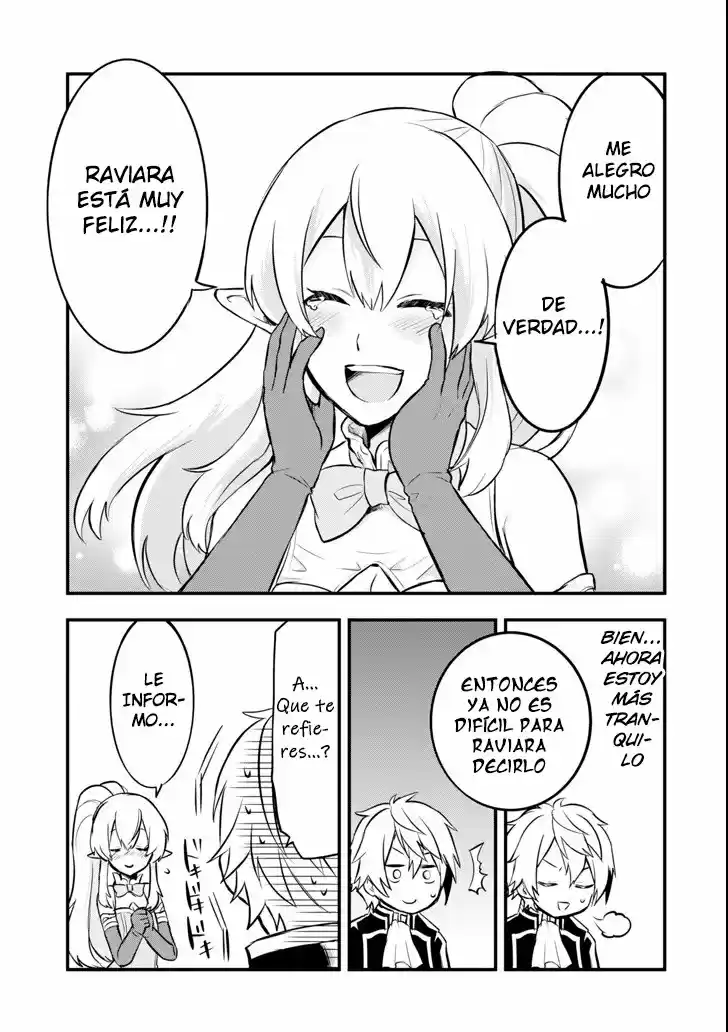El Raro Trabajo Llamado Oda Nobunaga Resulto Ser Mas Tramposo Que Espadachín Mágico, Así Que Decidí Crear Un Reino capítulo 10 página 24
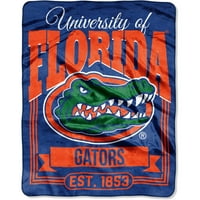 Florida Gators Traction 55 70 Silk Touch Throw, Fiecare
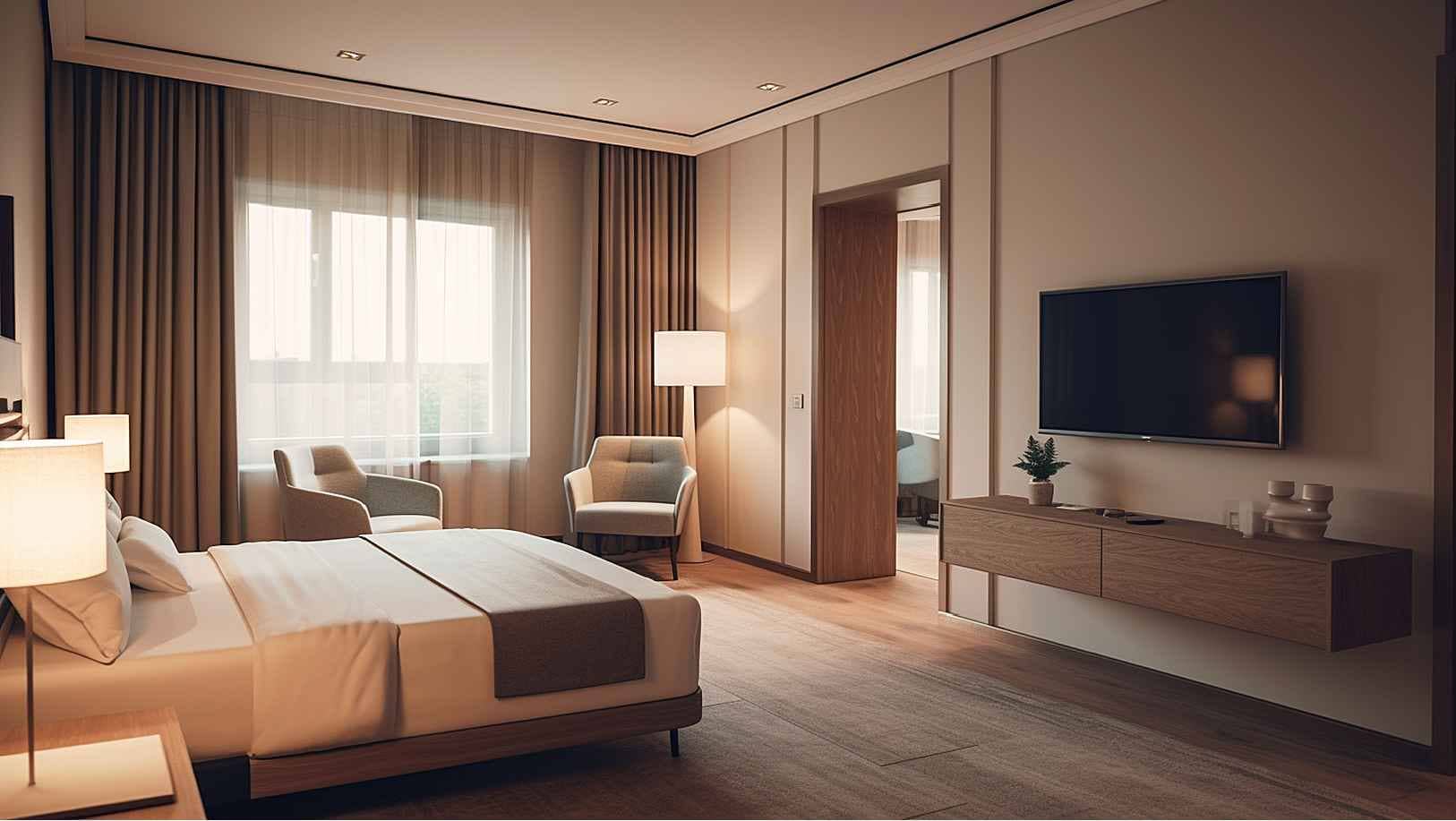 Marriott Residences JVC interior 6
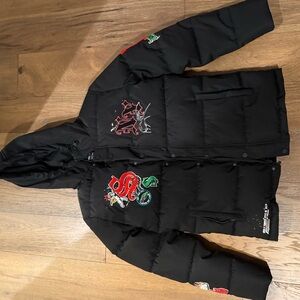 Supply And Demand Puffer Jacket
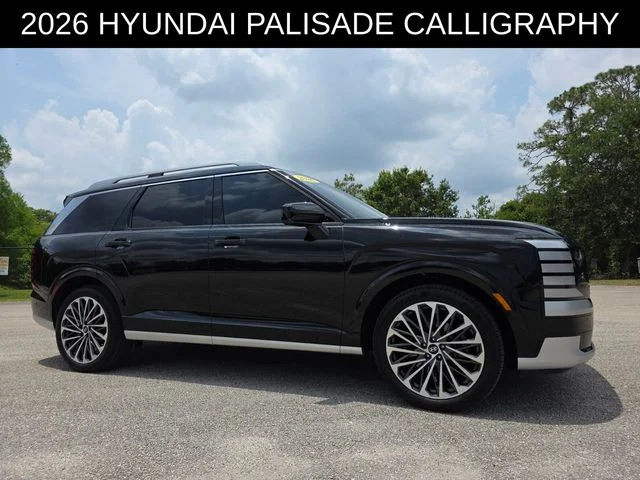 2026 Hyundai Palisade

_REQUIRED WORK_
Word for word, return the material, omitting the pictures.

_ANSWER_
El Raro Trabajo Llamado Oda Nobunaga Resulto Ser Mas Tramposo Que Espadachín Mágico, Así Que Decidí Crear Un Reino capítulo 10 página 24
 Florida Gators Traction 55 70 Silk Touch Throw, Fiecare
 Marriott Residences JVC interior 6
 Supply And Demand Puffer Jacket
 2026 Hyundai Palisade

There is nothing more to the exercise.